Todas las tribus de la Pampa usaron ese tipo de boleadora, por la que varios autores lo suponen típicamente río platense, pues son distintos los libes, compuestos de cuatro y más pequeñas bolas de uso común desde los huarpes al norte. Debido a la topografía del país que habitaban, es posible que los puelches serranos no emplearan con tanta frecuencia los laques como las tribus ribereñas. Pero está comprobado que los usaron como arma de caza y guerra antes y después de la conquista española.
No fue extraño a los puelches el empleo de trampas (huachi) para la caza menor, armándolas con lazos o palos. La honda (huythuhue), que no usaron las tribus ríoplatenses, fue en cambio instrumento precioso de caza y guerra entre los puelches, que contaban con munición abundantísima.

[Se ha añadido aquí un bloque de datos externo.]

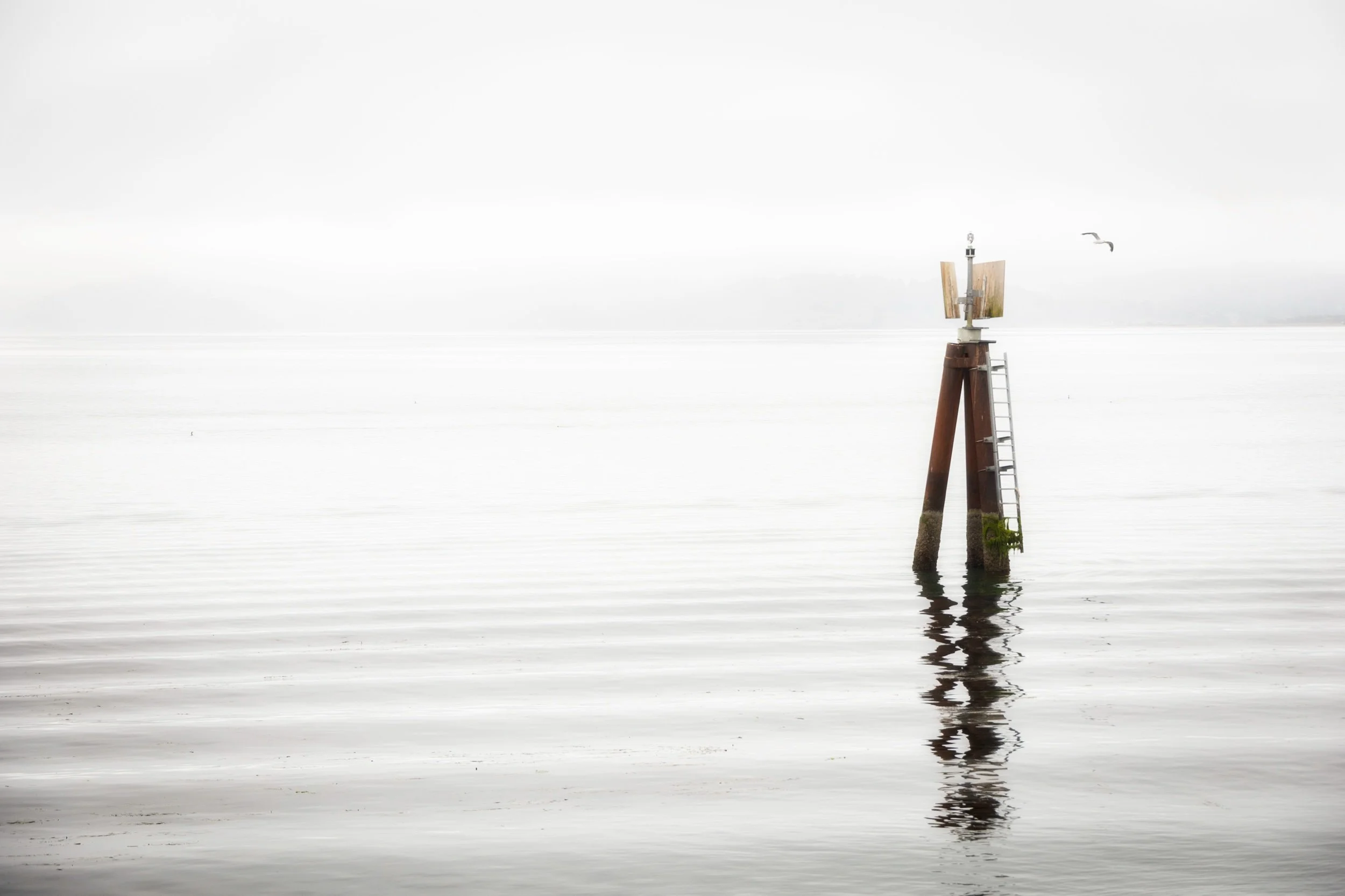  Garibaldi, Oregon; 2023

Todos los pueblos primitivos montañeses han conocido y practicado el uso de la honda, sin duda por tener a mano guijarros y pedruscos, así como excelentes sitios de tiro desde faldas y cumbres. En otro capítulo de este libro hemos visto que los puelches fueron «únicos flecheros», lo que permite suponer que emplearan la flecha (pilqui) tanto para la guerra como para la caza.

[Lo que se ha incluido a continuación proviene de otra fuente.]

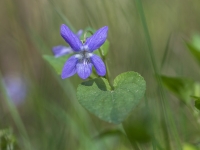 Rivina vijolīte (Viola riviniana)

Pero cuando estas tribus montaron a caballo, sus cacerías adquirieron ese doble carácter de faena y solaz a que nos hemos referido. En ellas aparecen perfeccionados los laques primitivos. El gaucho -el «gauderio» de los cronistas coloniales- tomó del indio aquel instrumento de caza, aplicándolo con éxito en la captura de baguales y reses bravas. único oficio en que ensayara su condición de jinete incomparable y su propensión a la vida montaraz. Hízose maestro en su manejo, perfeccionando la herramienta, a la que le agregó una bola y retobó con cuero las piedras. Así nacieron las certeras Tres Marías de nuestra gesta gaucha. A su vez, el indio adoptó la reforma, adquiriendo con ello un precioso elemento para su vida nómada.
Por ahí hemos dicho que cada tribu puelche ejercitaba su dominio indiscutido sobre la extensión territorial que ocupaba. Nadie podía penetrar a esa jurisdicción sin el permiso previo del cacique comarcano. Aunque fuera para el simple tránsito «por la tierra», era menester recabar aquel permiso, so pena de sufrir castigos que podían llegar hasta el cautiverio. La violación de este principio universalmente aceptado por las tribus, a no repararse de inmediato, provocaba la guerra. Libradas a los azares de la naturaleza, cuidaban con celo los predios donde apacentaban sus ganados, no tolerando ni siquiera la amenaza de su invasión por las parcialidades vecinas. De ahí que las cacerías fueran muchas veces motivos de guerra entre ellas, pues ocurría que en el ardor de la persecución de las piezas se salvaban los límites territoriales entre tribu y tribu, lo que era considerado como una ofensa suprema. Cuando aquéllas vivían en armonía, solían ponerse de acuerdo al emprender sus correrías de caza, a fin de evitar los equívocos. Pero como la hostilidad era latente entre parcialidades vecinas, lo frecuente eran los conflictos armados.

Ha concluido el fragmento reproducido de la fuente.